▶ **The task**:
Please give the lines below again exactly as they stand, from the one that contains "Сжечь ведьму #0.8" up to and including the one that contains "风之旅团手游官网或kxsb驱动官方下载,权威诠释方法|nShop_v4.261", leaving all pictures out.

▶ **Supplied material**:
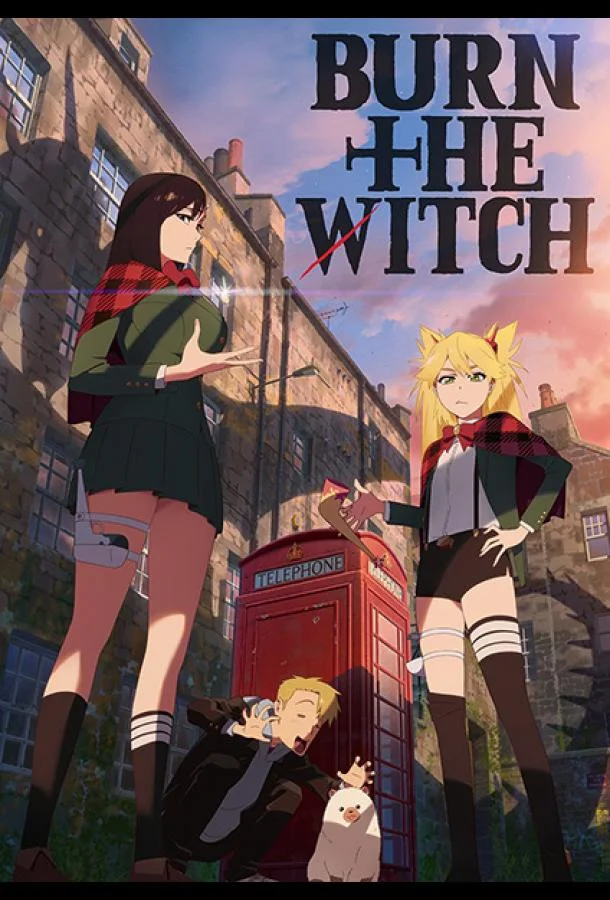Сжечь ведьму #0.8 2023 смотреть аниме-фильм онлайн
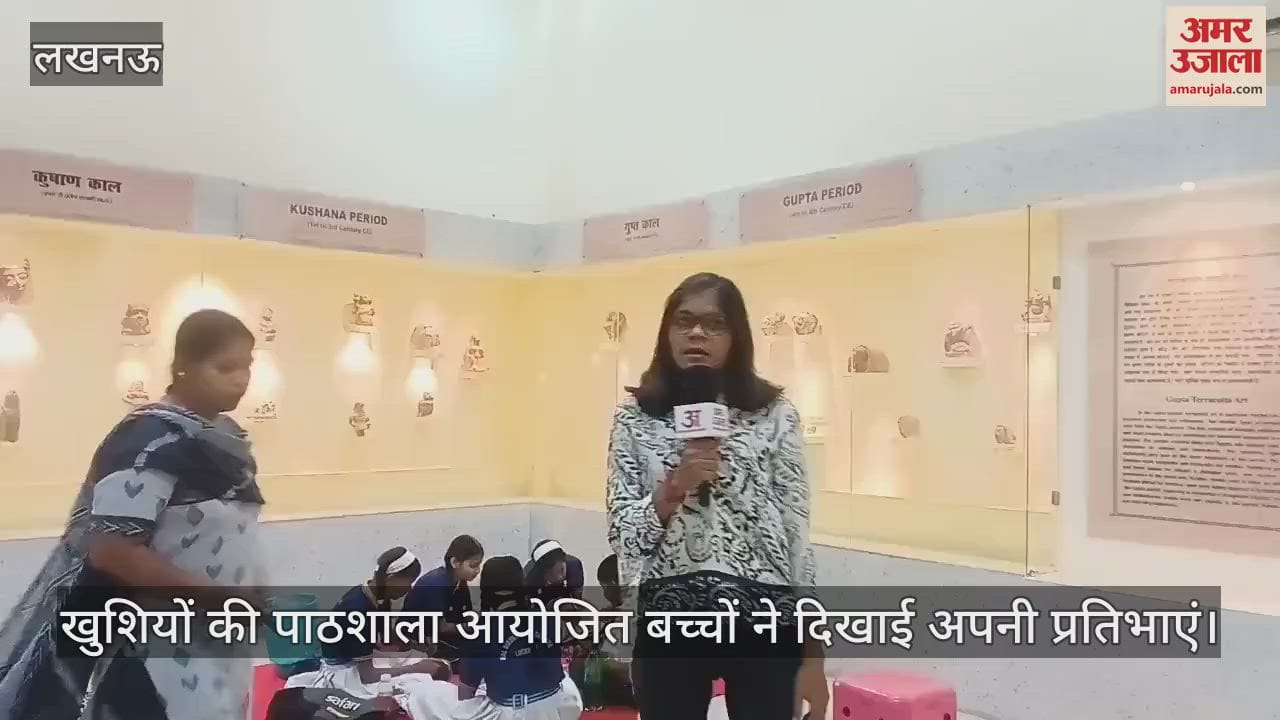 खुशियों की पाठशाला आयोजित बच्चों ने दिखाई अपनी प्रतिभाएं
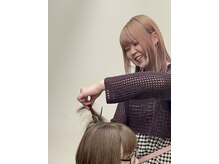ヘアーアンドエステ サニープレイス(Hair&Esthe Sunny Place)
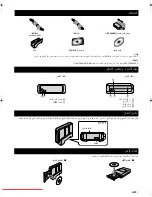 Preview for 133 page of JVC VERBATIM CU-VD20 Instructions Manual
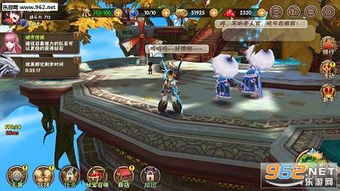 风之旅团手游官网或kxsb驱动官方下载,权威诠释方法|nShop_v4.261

* * *

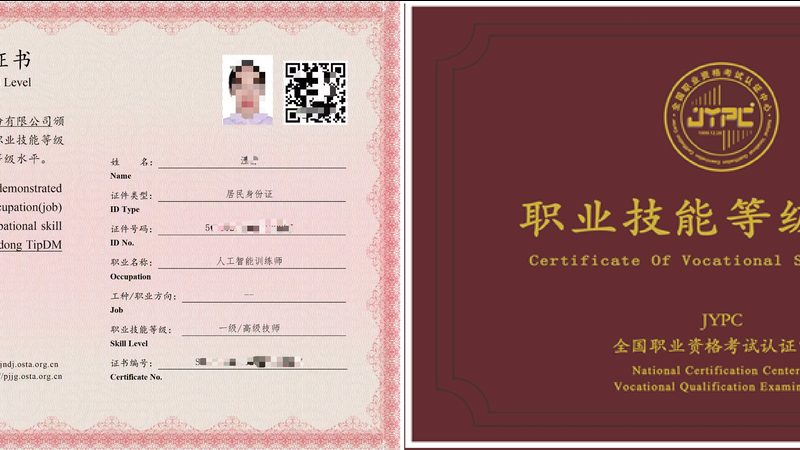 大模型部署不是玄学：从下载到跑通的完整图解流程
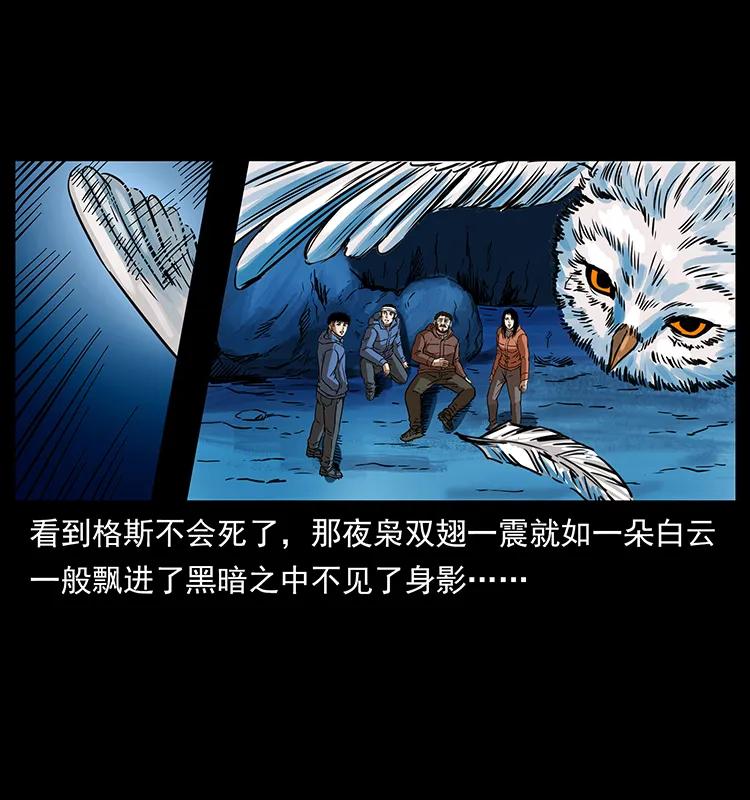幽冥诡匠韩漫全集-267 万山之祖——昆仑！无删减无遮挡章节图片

▶ **Exercise result**:
Сжечь ведьму #0.8 2023 смотреть аниме-фильм онлайн
 खुशियों की पाठशाला आयोजित बच्चों ने दिखाई अपनी प्रतिभाएं
ヘアーアンドエステ サニープレイス(Hair&Esthe Sunny Place)
 Preview for 133 page of JVC VERBATIM CU-VD20 Instructions Manual
 风之旅团手游官网或kxsb驱动官方下载,权威诠释方法|nShop_v4.261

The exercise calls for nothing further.